SİGORTAMEDYA ÖZEL HABER

Türkiye’de sigorta piyasası büyüdükçe riskler de daha karmaşık, daha çok paydaşlı ve daha yüksek teminatlı bir yapıya evriliyor. Bu tabloda sigorta brokerliği; riski doğru tarif etmekten uygun teminat yapısını kurmaya, teknik fiyatlamadan hasar anında sigortalının hak ve çıkarlarını savunmaya kadar genişleyen sorumluluk alanıyla giderek daha kritik bir konuma yerleşiyor. Özellikle büyük ölçekli işletmelerde ve büyük risklerde, sigortalının temsilcisi olarak brokerlerin sağladığı uzmanlık ve erişim, sigorta çözümlerinin kalitesini doğrudan etkiliyor.

Mesleğin standartlarının güçlenmesi, temsil kapasitesinin artması ve sektörel görünürlüğün kurumsal zeminde pekişmesi açısından Sigorta ve Reasürans Brokerleri Derneği’nin (SBD) çalışmaları da bu dönemde daha fazla öne çıkıyor. Regülasyon uyumu, eğitim projeleri ve dijital altyapı adımlarıyla dernek, brokerlik mesleğinin ortak gündemini şekillendiren temel aktörlerden biri olarak konumlanıyor.
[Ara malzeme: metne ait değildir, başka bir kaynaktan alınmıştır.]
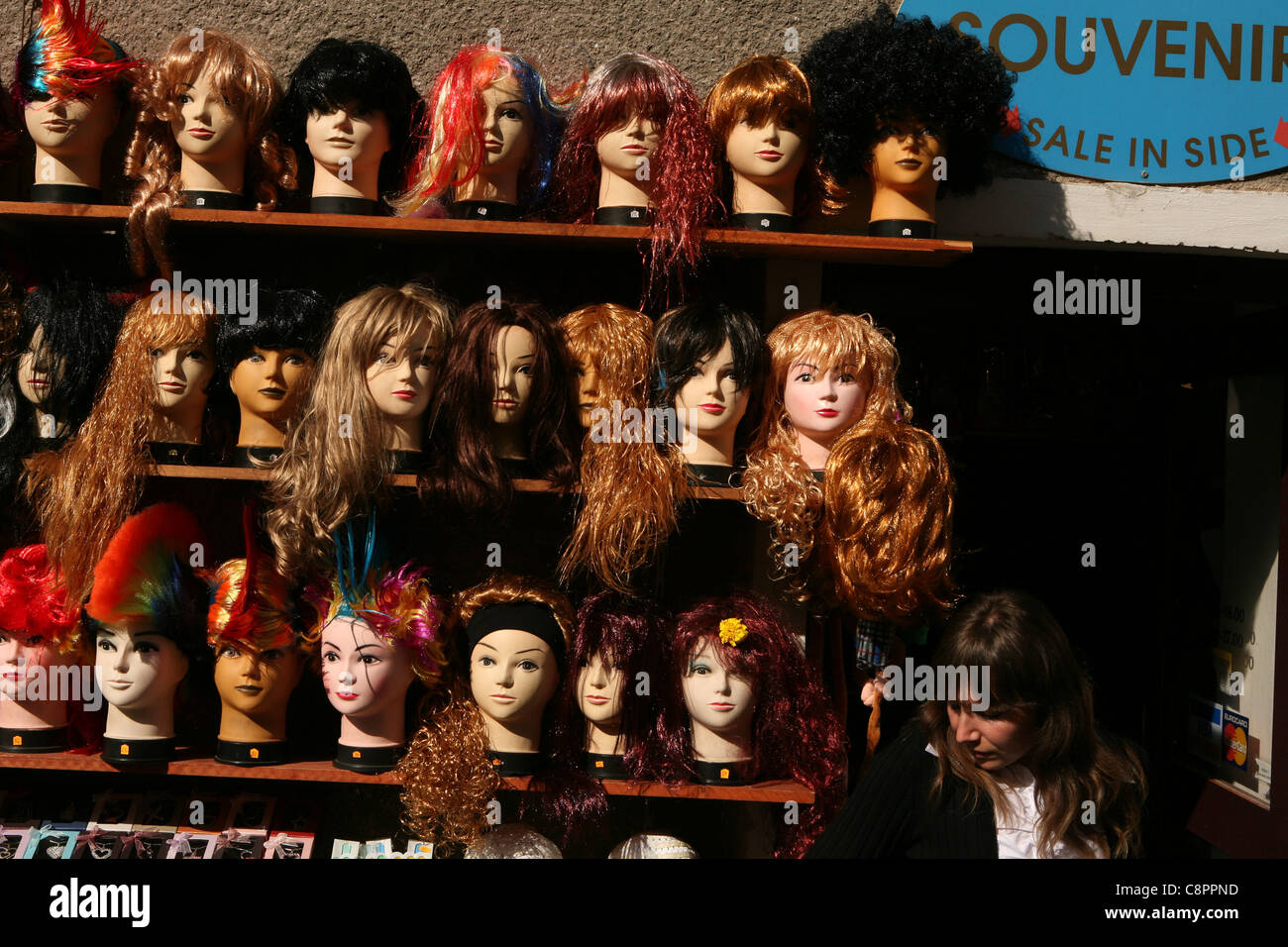 Wig shop in the village of Karlstejn, Czech Republic. Stock Photo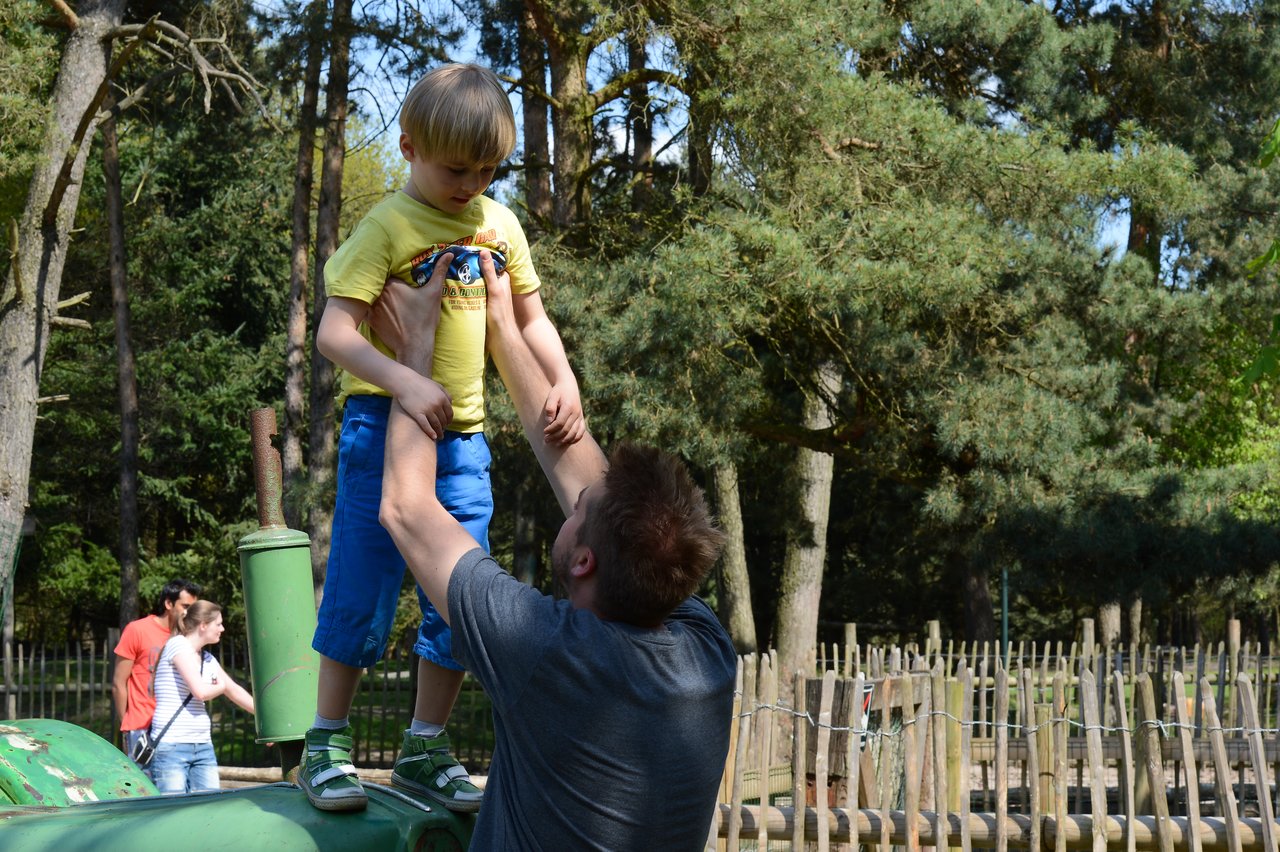 An adult lifts a child down from a green tractor in an outdoor park with trees and wooden fences.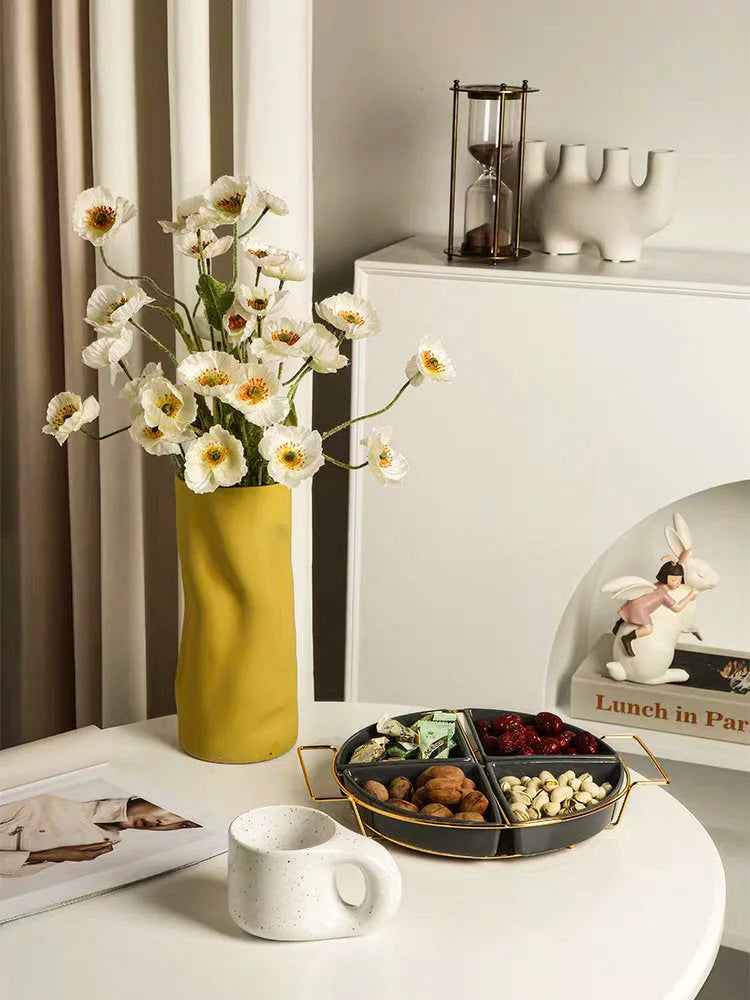 The Lemon yellow Ruched Ceramic Vase styled in a bright, modern living room with white poppies on a coffee table - RoomDen.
Sigorta Ekranı’nda Sigorta Medya Genel Yayın Yönetmeni Can Kantar’ın konuğu olan Sigorta ve Reasürans Brokerleri Derneği Başkanı Cenk Ecevit, 2025 yılı itibarıyla sigorta brokerliğinin sahadaki rolünün daha net biçimde tanımlandığını ve brokerlerin sektörel etkinliğinin belirgin şekilde arttığını vurguladı. Ecevit, programda brokerlerin pazar payındaki yükselişten mesleğin temsil gücüne, regülasyon uyumu ve dijital dönüşüm çalışmalarından eğitim yatırımlarına, küresel sigorta ve reasürans piyasalarındaki gelişmelerden rekabetin niteliğine kadar birçok başlıkta değerlendirmelerde bulundu.
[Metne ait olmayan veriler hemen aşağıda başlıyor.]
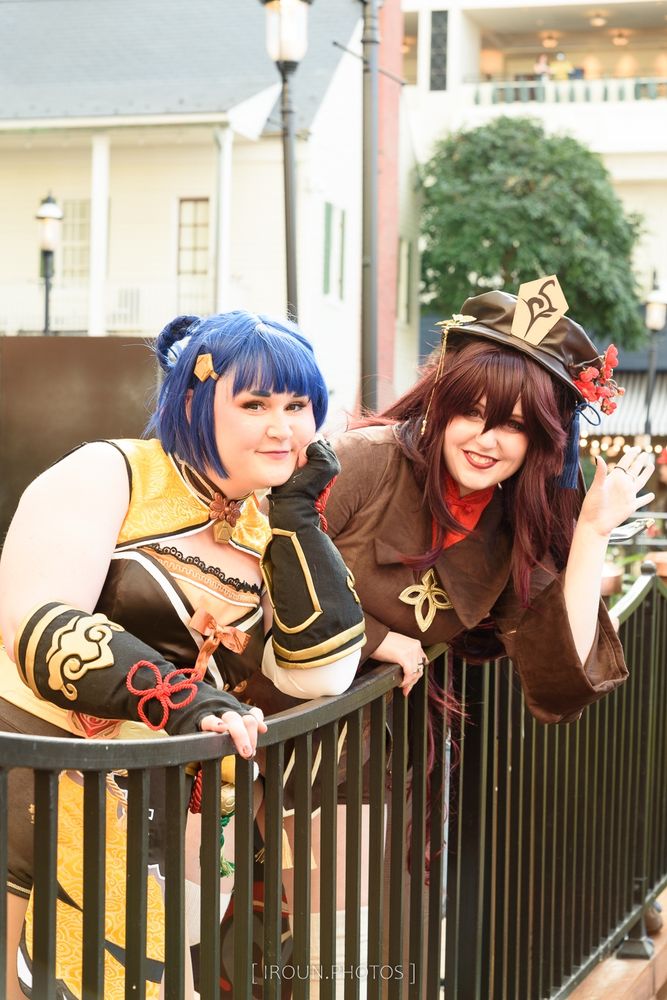 Arcadian Cosplay as Hu Tao from Genshin Impact and Owl Eerie Cosplay as Xiangling from Genshin Impact, photographed by Iroun Photos at Magfest 2024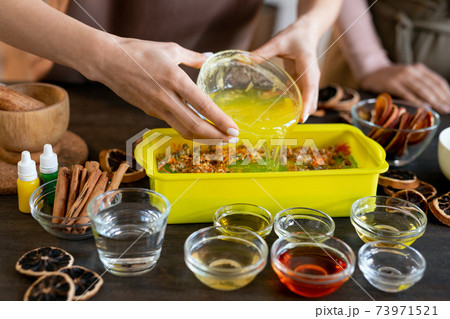Hands of female pouring melted soap mass into container with dry flowers 73971521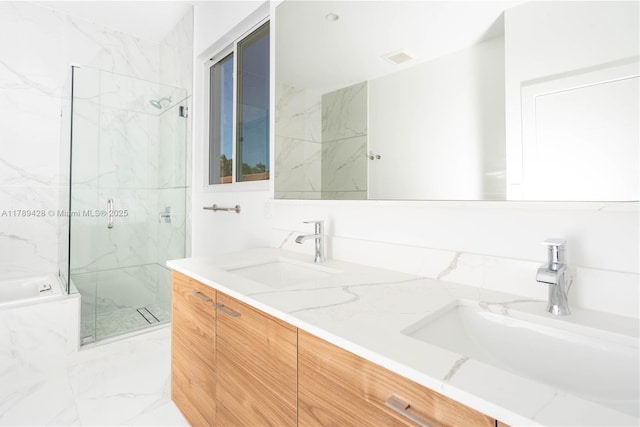 900 SW 24th Rd, Miami, FL 33129 - bathroom with a sink, a marble finish shower, double vanity, and marble finish floor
Brokerlerin rolü 2025’te netleşti

2025 yılının brokerlik mesleği açısından önemli bir eşik olduğuna dikkat çeken Ecevit, bu dönemin brokerlerin rolünün değişmesinden ziyade daha net biçimde tanımlandığı bir sürece işaret ettiğini belirtti. Türkiye’de sigorta aracılığı kavramının doğru anlaşılması gerektiğini vurgulayan Ecevit, acentelerin sigorta şirketleri adına faaliyet gösterdiğini, brokerlerin ise sigortalının temsilcisi olarak konumlandığını ifade etti. Brokerlerin temel sorumluluğunun yalnızca fiyat almak ya da hasar sürecini yönetmekle sınırlı olmadığını dile getiren Ecevit, müşterinin hak ve çıkarlarını koruyan daha geniş bir sorumluluk alanına sahip olduklarını söyledi.

Özellikle büyük işletmeler ve büyük ölçekli riskler söz konusu olduğunda brokerlerin ağırlığının belirgin biçimde arttığını kaydeden Ecevit, “Riskin doğru tanımlanması ve bu tanıma uygun sigorta yapısının oluşturulmasında brokerler daha etkin rol üstleniyor. Teknik maliyetlendirme, sigorta bedellerinin sağlıklı şekilde belirlenmesi ve ilk ateş bedellerinin tespiti gibi kritik alanlarda brokerlerin sorumluluğu giderek artıyor” dedi.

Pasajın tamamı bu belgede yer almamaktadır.